Fig. 4: Cross-protein learning improves the prediction of optimal artificial environments for membrane-protein synthesis.
From: Designer artificial environments for membrane protein synthesis

A t-SNE embedding capturing the proteins’ differential response to reaction conditions reveals no clear clustering of proteins. Each point represents the centroid of all individual model’s predictions for how a protein will respond to all assessed reaction conditions (Method 18). The size of the point represents the standard deviation between the model’s predictions for each protein. Top panel: colored by organism of origin. Bottom panel: colored by the length of the protein. B The inclusion of a protein’s location in the reaction condition embedding space yields improved prediction accuracy. Individual ensembles are trained using the specified input data, one where each protein is held out of the dataset and then predicted afterward.
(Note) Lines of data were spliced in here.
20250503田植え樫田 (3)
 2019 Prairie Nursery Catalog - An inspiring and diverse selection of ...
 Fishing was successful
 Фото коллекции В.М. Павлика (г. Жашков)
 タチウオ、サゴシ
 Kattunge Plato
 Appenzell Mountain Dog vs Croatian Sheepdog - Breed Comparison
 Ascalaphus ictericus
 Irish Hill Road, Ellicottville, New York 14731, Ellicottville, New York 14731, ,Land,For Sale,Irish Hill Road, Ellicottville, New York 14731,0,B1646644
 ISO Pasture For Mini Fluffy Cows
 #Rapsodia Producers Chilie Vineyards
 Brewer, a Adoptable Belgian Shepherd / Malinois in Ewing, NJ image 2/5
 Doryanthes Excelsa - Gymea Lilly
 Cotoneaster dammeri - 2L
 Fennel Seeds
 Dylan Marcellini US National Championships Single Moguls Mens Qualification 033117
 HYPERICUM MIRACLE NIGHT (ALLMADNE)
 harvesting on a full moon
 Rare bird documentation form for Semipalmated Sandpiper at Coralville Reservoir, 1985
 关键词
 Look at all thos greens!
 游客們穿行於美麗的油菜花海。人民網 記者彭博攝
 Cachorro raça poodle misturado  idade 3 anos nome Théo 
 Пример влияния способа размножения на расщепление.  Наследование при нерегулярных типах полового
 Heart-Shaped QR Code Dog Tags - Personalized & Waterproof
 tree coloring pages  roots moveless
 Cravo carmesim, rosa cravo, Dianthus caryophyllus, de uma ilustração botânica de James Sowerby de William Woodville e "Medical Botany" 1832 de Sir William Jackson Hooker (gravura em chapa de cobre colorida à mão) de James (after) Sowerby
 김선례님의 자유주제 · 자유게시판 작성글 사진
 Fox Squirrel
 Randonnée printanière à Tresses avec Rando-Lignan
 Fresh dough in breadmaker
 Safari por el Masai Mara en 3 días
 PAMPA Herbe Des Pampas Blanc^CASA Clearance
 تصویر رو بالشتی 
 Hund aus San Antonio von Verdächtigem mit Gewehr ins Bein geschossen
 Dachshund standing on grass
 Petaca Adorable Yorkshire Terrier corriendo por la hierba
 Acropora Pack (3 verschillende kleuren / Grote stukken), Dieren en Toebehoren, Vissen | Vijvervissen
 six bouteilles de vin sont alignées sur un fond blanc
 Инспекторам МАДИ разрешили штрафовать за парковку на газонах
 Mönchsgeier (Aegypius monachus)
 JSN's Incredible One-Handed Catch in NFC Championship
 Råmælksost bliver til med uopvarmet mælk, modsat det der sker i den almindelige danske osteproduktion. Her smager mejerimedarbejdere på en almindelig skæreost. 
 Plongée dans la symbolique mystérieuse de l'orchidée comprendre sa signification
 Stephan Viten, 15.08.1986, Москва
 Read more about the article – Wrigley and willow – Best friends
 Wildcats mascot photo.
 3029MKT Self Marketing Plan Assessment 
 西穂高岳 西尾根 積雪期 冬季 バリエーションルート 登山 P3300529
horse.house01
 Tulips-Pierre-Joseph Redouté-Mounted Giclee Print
Proteins with no successful synthesis conditions were excluded. n = 16 proteins. Each data point represents the R² obtained by a given model on a particular protein. Statistical significance was evaluated using repeated‐measures ANOVA (with ‘Protein’ as the subject factor and ‘Model’ as the within‐subject factor). Where overall significance was detected, pairwise comparisons between models were conducted using two‐sided paired t‐tests with a Bonferroni correction. Error bars represent mean ± SEM. Source data are provided as a Source Data file.